The Quad now has a concrete resolve to deter China, as all members have recently been on the receiving end of Beijing’s wolf warrior diplomacy, Grossman believes.
But he noted that the recent strengthening of the QUAD would be viewed unfavourably by Beijing as the regime sees the Quad as a military alliance meant to “contain” and threaten China.
Previously, China has placed pressure on Australia not to join with India and the United States, resulting in what some argue was Australia’s withdrawal from the Quad under former Labor Prime Minister Kevin Rudd.
However, after China’s recent maneuvers of diplomatic coercion, Australia under the Morrison Coalition government has pivoted its foreign policy towards defence capabilities in the Indo-Pacific, investing A$270 billion ($196 billion) in a strategic update for Australia’s defence forces.

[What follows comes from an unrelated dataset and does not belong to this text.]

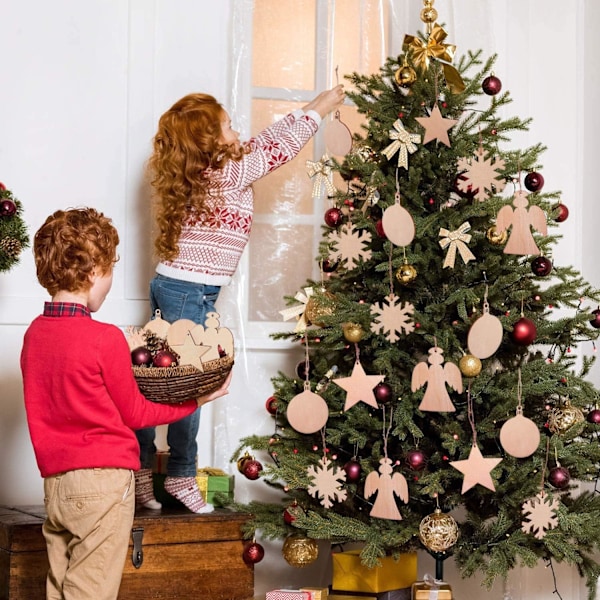 80 st träjulgransprydnader, lykta snöflinga ängel stjärnformade träplattor prydnader, nyår julgran DIY hänge dekoration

It also signed a strategic partnership with India.
At the launch of the Defence Force strategic update in July, Australian Prime Minister Scott Morrison said: “We must be alert to the full range of current and future threats, including ones in which Australia’s sovereignty and security may be tested.”
The expected meeting in late September will be the first for the Quad members since November 2019. At the time, Australia’s foreign ministry released a statement saying that Quad countries were committed to continuing economic and security coordination to support regional stability and economic growth in the Indo-Pacific.
They also agreed to enhance practical regional cooperation in fields such as maritime, counter-terrorism, cyber, humanitarian assistance, and disaster relief.